There is no evidence in this record that the decedent even had a screwdriver with him in the basement. The testimony of Washka is that his personal tools were outside.

The evidence in this record is conclusive that the drill, except for the plug adapter assembly, as testified, was in good order with no cracks or breaks in the casing or no current leakage. The plaintiff's theory in effect requires a finding, without a scintilla of evidence, that the drill was connected and that the decedent, an electrician, did one or more acts which no reasonably prudent electrician would do while a drill was energized. Possibly more fatal to the plaintiff's contention than this, however, is the physical unlikelihood that the drill and cord dropped from the socket and fell in a normally coiled up position more than 3 feet west of the socket. The evidence is that there was no mark on the drill of any nature other than the blood spots. If it were possible for the drill to fall in the position in which it was found, it would be logical to suppose that some mark would show on the drill. As suggested above, the drill was actually found a minimum of 10½ to 11 feet southwest of the point where the holes were actually drilled.

If we were to speculate, it might be much more logical to assume from the blood spots on the drill and its position, that the decedent had a nosebleed while drilling, disconnected the cord from the socket, and placed it on the floor. The testimony is undisputed that he had complained to Washka that he was hot when he went to the attic. Washka's testimony is that he frequently had nosebleeds when he worked while it was too hot. The absence of any marks on his body and the position in which it was found could reasonably suggest that he stretched out on the floor in the northeast corner, either to stop the nosebleed, or because he may have felt weak or faint from the heat.

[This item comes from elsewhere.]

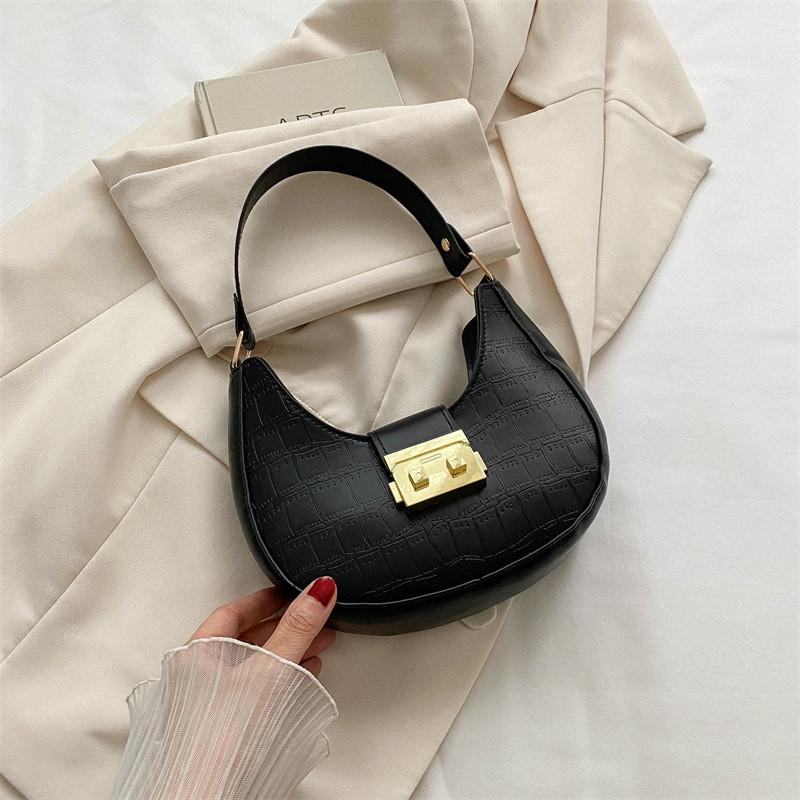 Trendy Chic Solid Color Handbag Stylish Pu Tote Bag For Everyday Use In Black And More
Trendy Chic Solid Color Handbag Stylish Pu Tote Bag For Everyday Use In Black And More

Under our workmen's compensation law, plaintiff had the burden of establishing by a preponderance of the evidence a right to compensation. It cannot be left to surmise or conjecture, or based upon possibilities or probabilities, but must be established in a legal way and not by guess or speculation. Rose v. City of Fairmont, 140 Neb. 550, 300 N.W. 574.

It is clearly evident that the instant case does not meet the test of proof by reasonable certainty, or even reasonable probability. The most favorable light in which the record can be viewed is that there is at the very best a mere possibility that the decedent was electrocuted.

For the reasons given above, we find that the record and reasonable inferences arising therefrom do not sustain the position that the death of plaintiff's decedent was caused by an electric shock or current accidentally received by the decedent in the course of his employment, nor does it point thereto with any reasonable certainty. The judgment is therefore reversed and the claim dismissed.

Reversed and dismissed.

SIMMONS, C. J., participating on briefs.